# Canon G9 DSLR convertion



## patata (Feb 21, 2013)

Anyone knows if it's possible to make my G9 a DSLR.I read it somewhere a while ago and it would be cool if it's actually possible.
I know there are various lenses for non DSLR(with plastic mount)but I want a DLSR and I can't really afford one right now.


----------



## ghostred7 (Feb 21, 2013)

Honestly, given the limited capability of the D9, I would just save the money you would spending converting it and put it towards a used DSLR body. 

What are you trying to accomplish that you feel you need to mod/convert to DSLR? Video? Broader depth of field? Stills? Sports?
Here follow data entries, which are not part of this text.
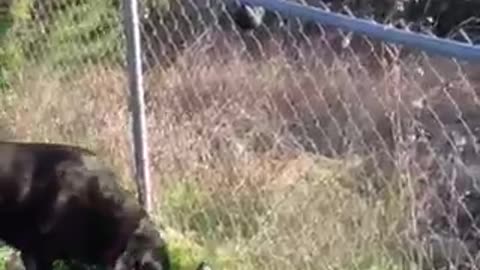 Dog climbs fence for ball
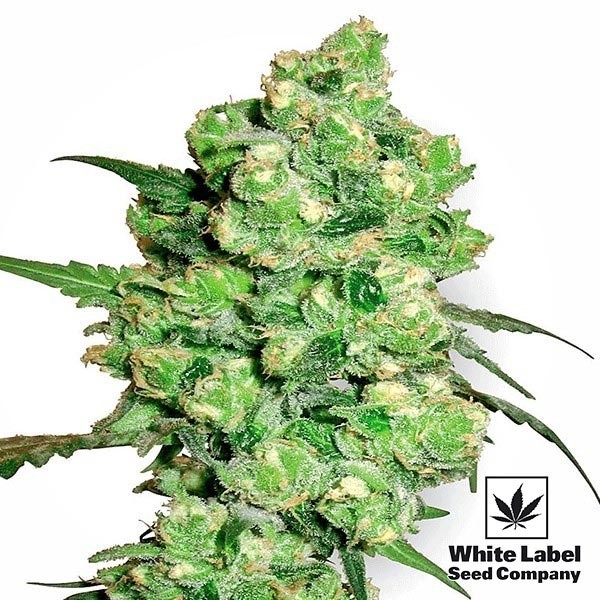 View Super Skunk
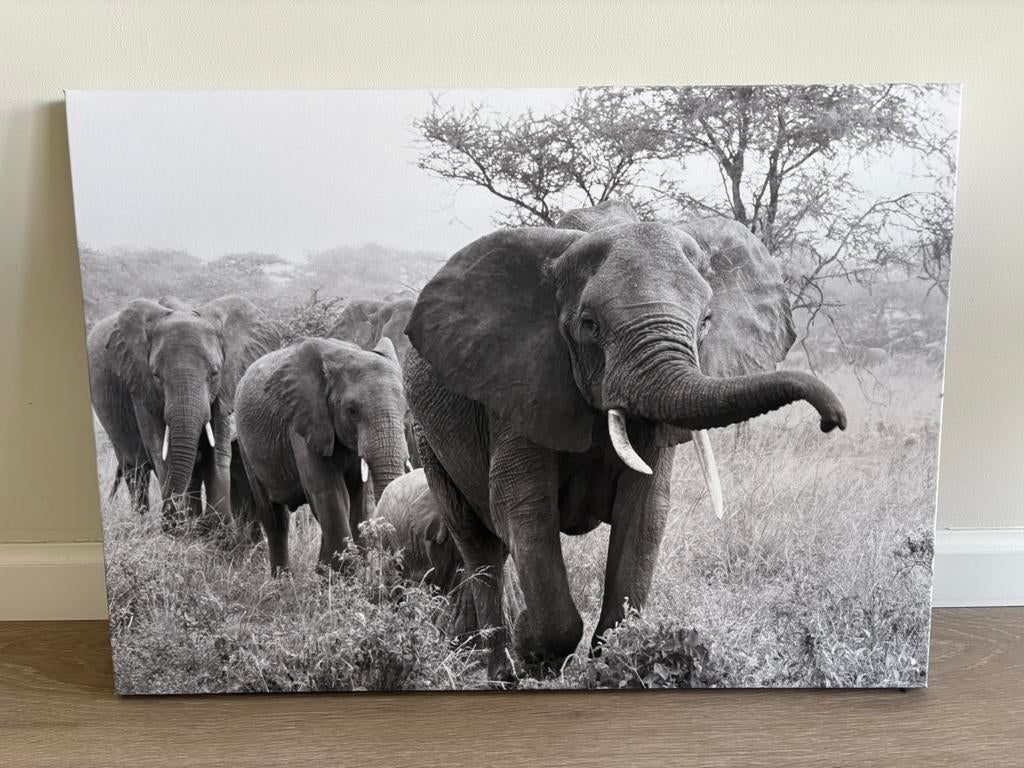 Foto olifanten op canvas, Ophalen, Zo goed als nieuw, 50 tot 75 cm, Schilderij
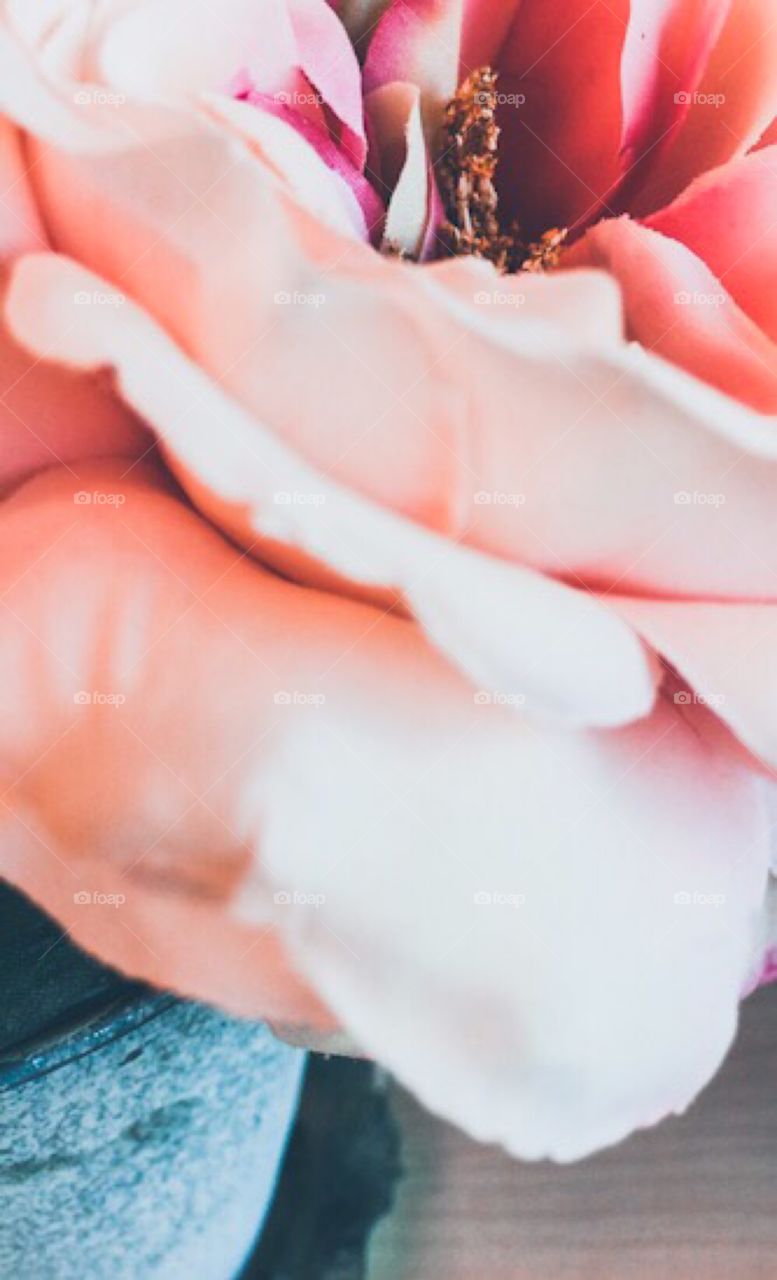 Spring is right around the corner - Rose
What?


----------



## Bevo (Feb 22, 2013)

If money is tight and you want to learn how to use a DSLR then get a film camera, they are dirt cheap and will teach you very fast as every picture counts.

Your camera is not worth the project.


----------



## patata (Feb 22, 2013)

I see,then i might save for a Canon EOS after I'm done with my RAN Crusher.


----------



## Kwirk (Mar 8, 2013)

Looks like OP is banned, but I figure I should clear it up that you will not be able to convert a G9 into a DSLR. Ever.


----------



## patata (Mar 14, 2013)

Kwirk said:


> Looks like OP is banned, but I figure I should clear it up that you will not be able to convert a G9 into a DSLR. Ever.



Thanks I'm already looking for an EOS


----------